The San Juan Daily Star
Fiscal board gives PREPA 2 weeks to provide data from fuel procurement contracts

By The Star Staff
The Financial Oversight and Management Board gave Puerto Rico Electric Power Authority (PREPA) Executive Director Josué Colón Ortiz until Dec. 16 to provide information about the public utility’s fuel procurement contracts.
“Investigations by multiple Commonwealth entities and the Legislative Assembly have highlighted serious shortcomings that have put PREPA and Puerto Rico’s ratepayers at a disadvantage,” the oversight board said. “Since 2017, PREPA’s Certified Fiscal Plans have called on PREPA’s management to focus on improving and reforming its fuel procurement and contract management policies to promote market-based contracts with terms and conditions that are favorable to PREPA’s needs and that ultimately result in lower costs to PREPA’s customers.”
“Over the years, PREPA has made some progress in improving its fuel procurement processes, most significantly by moving away from direct negotiations and using market information and competition to increase supplier interest and process transparency,” the board added. “Despite this improvement, there are still areas of opportunity for incremental improvement that PREPA, and eventually the operator of PREPA’s legacy generation assets, are expected to pursue.”
Additionally, close attention should be provided to the management of fuel supply and logistic operation and contracts, such that the generation system can ensure a continued and uninterrupted supply of fuel, the oversight board said in a letter on Monday.
“The recent natural gas shortage, as well as other management and logistic issues identified over time, highlight the need to review and assess internal management processes,” the letter said.
Fuel purchases are projected to total $2.9 billion in fiscal year 2023.
The oversight board noted that on Oct. 26, it approved with observations PREPA’s proposed bunker fuel supply contract with PUMA Energy Caribe LLC. PREPA represented to the oversight board that it had negotiated a one-year extension option, at PREPA’s discretion, and the contract submitted for the board’s review included such language.

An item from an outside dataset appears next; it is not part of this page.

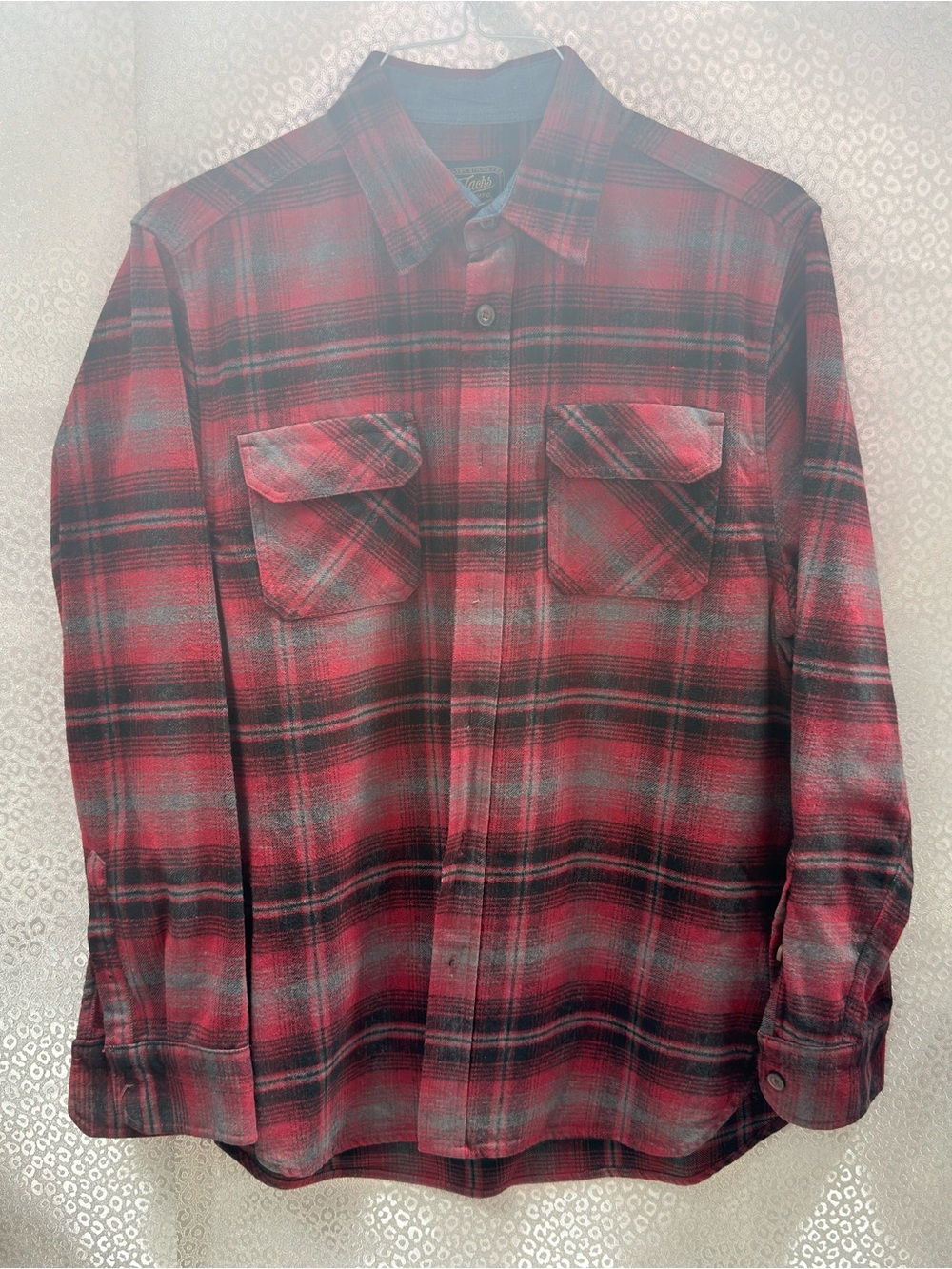 Jachs Red and Black Plaid Casual Button-Down Shirt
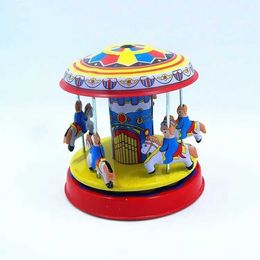 Wind-up Toys Classic Series Vintage Clockwork Style Metal Tin Gear High Wheel Rotating Trojan Toys Mechanical Toys Childrens and Baby Gifts S2452444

“However, without prior notice, as required by our contract review policy, PREPA filed with the Office of the Comptroller a contract that reflected an extension clause requiring mutual agreement, contrary to the approval provided by the Oversight Board,” the board pointed out.
“Please explain the reasons for which PREPA changed this clause after approval from the Oversight Board, and the reasons for not notifying such change prior to the filing of the contract with the Office of the Comptroller, as required by our contract review policy,” the oversight board said.
The board also asked PREPA for clarifications as PREPA’s fuel reports for the months of July to August 2022, it noted, seem to suggest that the adder paid by PREPA for diesel is $10.70, $3 more than the amount agreed to under PREPA’s existing diesel supply contract with Novum Energy Trading Inc.
“Please provide copies of all the invoices submitted by Novum in connection with the supply of diesel to PREPA from July 2022 to the present,” the board said. “Please confirm whether, since the date of execution of the 2021 Novum contract, PREPA has made any changes to the fuel specifications to be supplied by Novum and, if so, the generation units to which such changes apply.”
The oversight board also asked for explanations as to why PREPA was forced to undertake a one-time, last-minute purchase of 30,000 cubic meters of natural gas in order to prevent EcoEléctrica from running out of fuel and risking a significant power deficiency on the island.